Friday, January 19, 2024

Heroes of the 1912 Great Fire (part one)

By Susan G Mathis

The Great Fire of 1912 in the Thousand Island Park is seared into Thousand Island history, especially into the hearts and memories of the Park community. The summer of 1910 was unseasonable hot and dry, and the population of TI Park had grown to about 12,000. The area was primed for trouble, and that summer, three major fires nearly destroyed the Park.

In May, eleven boathouses and three launches were destroyed in a riverfront fire. In June, an entire block of new cottages burned down. Then, in July, the Great Fire razed the Columbian Hotel and more than a hundred businesses and cottages to the north and east of today’s Commons. Firefighters from Alexandria Bay, Clayton, and Ganonoque responded to the call for help, bravely fighting the conflagration for many terrible hours. Residents also came to their aid, trying to save their beloved Thousand Island Park. Many were injured, but thankfully, only one person died.

As the Columbian Hotel burned, William Tousey, Robert Van Lingen, and Frank Sweeny worked their way to the top floor of the hotel where they rushed from room to room. On the top floor in one of the furthest rooms in the southeast corner of the hotel, they found Miss Mary Buster of Watertown, who had fainted. Mr. Tousey threw her over his shoulder, soon carried her to safety.

Paul Crouch of Cortland stood on the peak of the Wellesley Hotel with a blanket thrown around him and ripped the burning shingles from the roof for two hours. His efforts, coupled with the volunteers on the ground, saved the Wellesley Hotel from destruction. Though badly scorched, the hotel reopened the next day.

Next month on February 19th, you’ll read the rest of the story. You’ll learn about a ninety-two-year-old grandmother, a twelve-year-old girl, and others who were heroes during this terrible time. Their stories are penned in my novel, Mary’s Moment.

What makes a hero? Leave your answer or comments on the post below and join me on February 19th for my next post.


It’s 1912, and Thousand Island Park’s switchboard operator Mary Flynn is the community heroine saving dozens of homes from a terrible fire. Less than a month later, when another disastrous fire rages through the Park, Mary loses her memory as she risks her life in a neighbor's burning cottage. Widowed fireman George Flannigan is enamored by the brave raven-haired lass and takes every opportunity to connect with Mary. But he has hidden griefs of his own that cause him great heartache. When George can’t stop the destructive Columbian Hotel fire from eradicating more than a hundred businesses and homes, he is distraught. Yet George’s greater concern is Mary. Will she remember their budding relationship or be forever lost to him?
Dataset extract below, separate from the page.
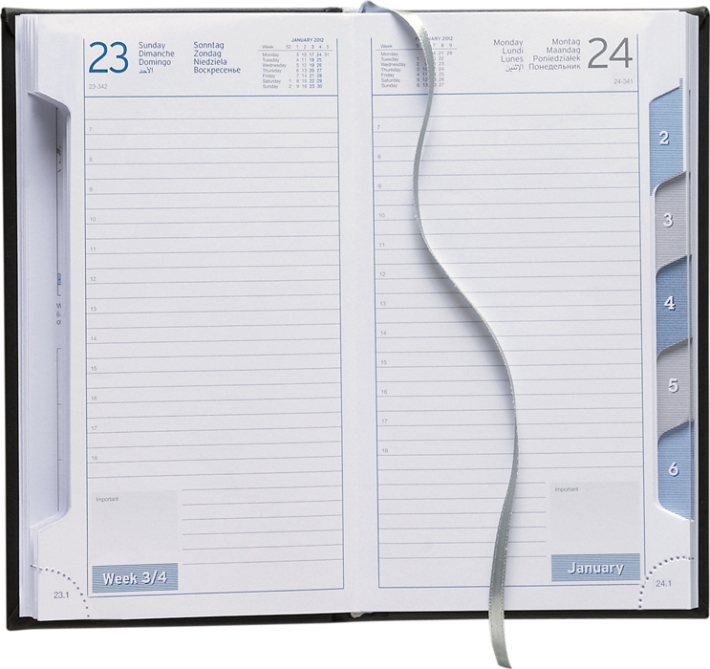 Tagesbuchkalender »Travel-Timer«, 8sprachig, grau/blau, 145x188 mm, Registerstanzung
Susan G Mathis is an international award-winning, multi-published author of stories set in the beautiful Thousand Islands in upstate NY. Susan has been published more than thirty times in full-length novels, novellas, and non-fiction books. She has eleven in her fiction line. Susan is also a published author of two premarital books, stories in a dozen compilations, and hundreds of published articles. Susan lives in Colorado Springs and enjoys traveling the world. Visit for more.

1 comment:

  1. Thank you for your post today and Happy New Year to you and your family. In my eyes, a hero is someone who steps up in some way...doing the right thing, doing the courageous thing, supporting the less fortunate. Often a hero is not seen as such by others, except for the person they have impacted for good and even that person may not know who they are because they've done something good anonymously. One reason I love this blog is because I learn about heroes and heroines daily!